Avis aux médias
La région de la Gaspésie-Îles-de-la-Madeleine est pénalisée par l’anglicisation du Québec
Gaspé, le 24 octobre 2011. Le Mouvement Québec français invite les médias à une conférence de presse qui se tiendra le mercredi 26 octobre à 14 h au Brise-Bise, au 135 rue de la Reine à Gaspé en présence de Mario Beaulieu président du MQF, et Manuel Brault, porte-parole pour la région de la Gaspésie-Îles-de-la-Madeleine.
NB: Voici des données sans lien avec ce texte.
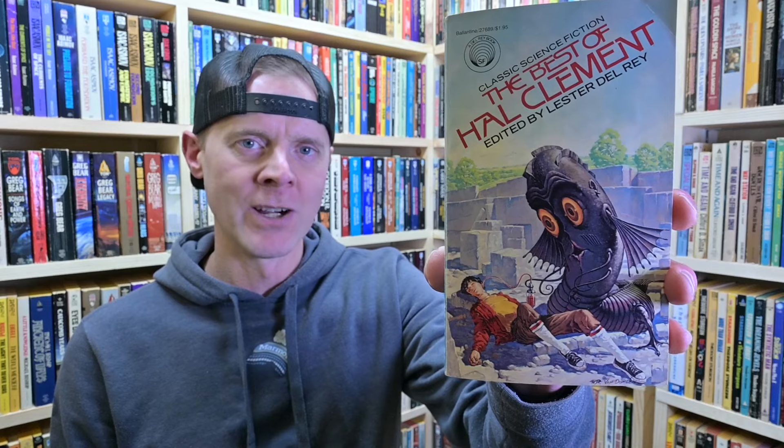One thing I didn't get a chance to talk about much was a story called Bulge. It was about this old man who was wasting away in zero gravity on a space station — he could never go back to Earth. Some terrorists came to do some bad things, and he had to outsmart them using physics to get out of it. It was a pretty cool story. I really liked it.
Mario Beaulieu présentera des données colligées par le MQF, démontrant que les services gouvernementaux à Montréal, comme les cégeps, les universités et les hôpitaux, bénéficient d’un financement disproportionné au détriment des ressources allouées aux institutions francophones dans les autres régions comme la Gaspésie. Il s’agit d’une tendance lourde de conséquences pour la société québécoise et qui ne se limite pas à la question linguistique. La concentration du financement des services gouvernementaux en anglais à Montréal appauvrira des régions et marginalisera même des régions à forte majorité francophone.
Le MQF effectue une tournée de toutes les régions du Québec, qui comporte des assemblées, des conférences dans les cégeps et les universités, des activités médiatiques et des opérations de terrains.
Les médias et la population sont aussi invités en soirée à une assemblée publique suivie d’un spectacle, toujours au Brise-Bise, à 19 h 30 avec Manuel Brault, Mario Beaulieu et la chanteuse, Valérie Cormier. Un kiosque d’information du MQF sera aussi tenu au Cégep de Gaspé le 26 octobre.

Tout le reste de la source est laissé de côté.